The University of Tennessee, Knoxville uses the Carnegie Foundation’s definition of community engagement:

Community Engagement describes the collaboration between higher education institutions and their larger communities (local, regional/state, national, global) for the mutually beneficial exchange of knowledge and resources in a context of partnership and reciprocity.
– Carnegie Foundation for the Advancement of Teaching

Brown University provides a succient definition for Engaged Scholarhip

Engaged scholarship is the co-creation of knowledge that shifts the position of students and community groups from knowledge consumers to knowledge producers and partners in problem-solving. Engaged scholarship is the generation of new knowledge through the combining of academic knowledge and community-based knowledge, eliminating a hierarchy of knowledge and a one-way flow of knowledge outward from the college or university.

-Brown University

Studies have found that building a more contemporary “engaged campus” requires an intentional plan that moves the institution from a one-way “outreach” delivery framework (e.g., the university shares its expertise with the community to serve the needs of the public) to an “engagement” or two-way partnership framework (e.g., the university and community co-construct and co-produce solutions to societal issues) (Holland, 2001).
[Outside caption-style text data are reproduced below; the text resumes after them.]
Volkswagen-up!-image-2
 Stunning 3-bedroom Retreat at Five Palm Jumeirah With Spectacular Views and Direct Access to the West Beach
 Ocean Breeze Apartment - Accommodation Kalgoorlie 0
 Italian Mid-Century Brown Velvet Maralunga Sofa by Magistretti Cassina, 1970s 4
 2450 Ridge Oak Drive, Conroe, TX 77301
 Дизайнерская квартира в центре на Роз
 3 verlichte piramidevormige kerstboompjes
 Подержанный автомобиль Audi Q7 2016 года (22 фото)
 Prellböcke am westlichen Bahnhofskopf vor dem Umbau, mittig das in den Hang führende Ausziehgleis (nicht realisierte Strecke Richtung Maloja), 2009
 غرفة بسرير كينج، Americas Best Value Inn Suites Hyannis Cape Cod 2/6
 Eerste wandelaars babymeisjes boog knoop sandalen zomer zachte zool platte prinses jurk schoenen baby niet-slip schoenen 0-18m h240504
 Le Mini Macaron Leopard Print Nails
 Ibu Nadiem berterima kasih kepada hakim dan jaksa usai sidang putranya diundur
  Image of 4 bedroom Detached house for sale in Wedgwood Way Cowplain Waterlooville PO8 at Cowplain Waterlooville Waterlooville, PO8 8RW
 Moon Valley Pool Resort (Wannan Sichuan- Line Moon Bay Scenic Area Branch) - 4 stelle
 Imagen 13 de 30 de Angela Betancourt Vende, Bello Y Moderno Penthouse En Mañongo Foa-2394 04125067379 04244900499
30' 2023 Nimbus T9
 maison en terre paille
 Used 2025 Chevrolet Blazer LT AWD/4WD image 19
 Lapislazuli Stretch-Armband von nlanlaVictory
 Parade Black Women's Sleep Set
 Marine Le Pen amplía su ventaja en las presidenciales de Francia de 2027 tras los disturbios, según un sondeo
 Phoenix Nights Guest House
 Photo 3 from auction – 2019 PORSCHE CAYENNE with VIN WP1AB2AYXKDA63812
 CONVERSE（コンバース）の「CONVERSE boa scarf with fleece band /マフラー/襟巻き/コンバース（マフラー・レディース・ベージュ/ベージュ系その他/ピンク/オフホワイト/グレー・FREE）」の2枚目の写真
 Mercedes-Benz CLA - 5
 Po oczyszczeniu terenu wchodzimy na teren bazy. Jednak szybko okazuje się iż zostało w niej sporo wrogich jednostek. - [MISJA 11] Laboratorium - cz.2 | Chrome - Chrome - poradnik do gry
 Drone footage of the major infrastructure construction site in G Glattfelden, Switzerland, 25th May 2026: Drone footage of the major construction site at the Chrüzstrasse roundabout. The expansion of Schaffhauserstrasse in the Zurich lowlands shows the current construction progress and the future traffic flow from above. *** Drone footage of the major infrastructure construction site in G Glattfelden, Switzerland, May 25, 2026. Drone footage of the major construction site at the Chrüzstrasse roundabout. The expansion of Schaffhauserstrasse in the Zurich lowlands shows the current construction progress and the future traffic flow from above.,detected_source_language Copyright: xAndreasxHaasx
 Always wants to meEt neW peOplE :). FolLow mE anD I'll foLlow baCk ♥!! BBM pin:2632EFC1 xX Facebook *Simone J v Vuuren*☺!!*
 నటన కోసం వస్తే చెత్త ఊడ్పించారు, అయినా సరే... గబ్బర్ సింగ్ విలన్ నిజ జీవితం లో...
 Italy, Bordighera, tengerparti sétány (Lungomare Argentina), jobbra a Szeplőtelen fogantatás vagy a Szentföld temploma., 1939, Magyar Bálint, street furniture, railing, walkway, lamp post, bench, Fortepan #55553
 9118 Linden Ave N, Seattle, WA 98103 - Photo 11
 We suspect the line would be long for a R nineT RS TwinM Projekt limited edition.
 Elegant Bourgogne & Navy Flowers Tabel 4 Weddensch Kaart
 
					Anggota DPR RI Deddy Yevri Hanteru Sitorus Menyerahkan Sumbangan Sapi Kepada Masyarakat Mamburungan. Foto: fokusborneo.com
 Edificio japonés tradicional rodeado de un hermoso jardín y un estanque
Research also shows an association between community engagement and
  • higher retention rates (faculty and students)
  • increased public appropriations
  • increased capacity in a university’s research and teaching functions
  • increased campus diversity in many dimensions (Weerts & Sandmann, 2008).

Today’s engagement is scholarly, is an aspect of learning and discovery, and enhances society and higher education. Undergirding today’s approach to community engagement is the understanding that not all knowledge and expertise resides in the academy, and that both expertise and great learning opportunities in teaching and scholarship also reside in non-academic settings. By recommitting to their societal contract, public and land-grant universities can fulfill their promise as institutions that produce knowledge that benefits society and prepares students for productive citizenship in a democratic society. This new engagement also posits a new framework for scholarship that moves away from emphasizing products to emphasizing impact.  (Fitzgerald, Bruns, Sonka, Furco, and Swanson, 2012).